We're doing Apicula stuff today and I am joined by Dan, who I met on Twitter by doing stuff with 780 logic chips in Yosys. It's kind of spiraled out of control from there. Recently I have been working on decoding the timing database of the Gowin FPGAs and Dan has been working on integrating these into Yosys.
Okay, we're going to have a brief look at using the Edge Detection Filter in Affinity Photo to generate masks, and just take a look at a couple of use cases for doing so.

...

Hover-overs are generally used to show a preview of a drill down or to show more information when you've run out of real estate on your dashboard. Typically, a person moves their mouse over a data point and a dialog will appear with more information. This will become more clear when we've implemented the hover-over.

==

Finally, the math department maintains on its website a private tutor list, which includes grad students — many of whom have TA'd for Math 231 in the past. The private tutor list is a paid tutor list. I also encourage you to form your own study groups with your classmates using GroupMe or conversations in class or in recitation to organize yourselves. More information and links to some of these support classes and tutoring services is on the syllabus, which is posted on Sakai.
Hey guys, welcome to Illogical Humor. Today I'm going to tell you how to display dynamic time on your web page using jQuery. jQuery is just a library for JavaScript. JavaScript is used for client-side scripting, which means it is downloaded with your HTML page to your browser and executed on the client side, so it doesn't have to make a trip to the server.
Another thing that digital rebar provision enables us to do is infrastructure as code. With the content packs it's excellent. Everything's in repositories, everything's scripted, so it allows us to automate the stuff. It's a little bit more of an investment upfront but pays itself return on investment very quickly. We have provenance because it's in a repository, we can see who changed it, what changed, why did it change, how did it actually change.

▶ [Exercise]:
Read through the lines above and collect those that contain the string "just".

▶ [Output of the task]:
Okay, we're going to have a brief look at using the Edge Detection Filter in Affinity Photo to generate masks, and just take a look at a couple of use cases for doing so.
Hey guys, welcome to Illogical Humor. Today I'm going to tell you how to display dynamic time on your web page using jQuery. jQuery is just a library for JavaScript. JavaScript is used for client-side scripting, which means it is downloaded with your HTML page to your browser and executed on the client side, so it doesn't have to make a trip to the server.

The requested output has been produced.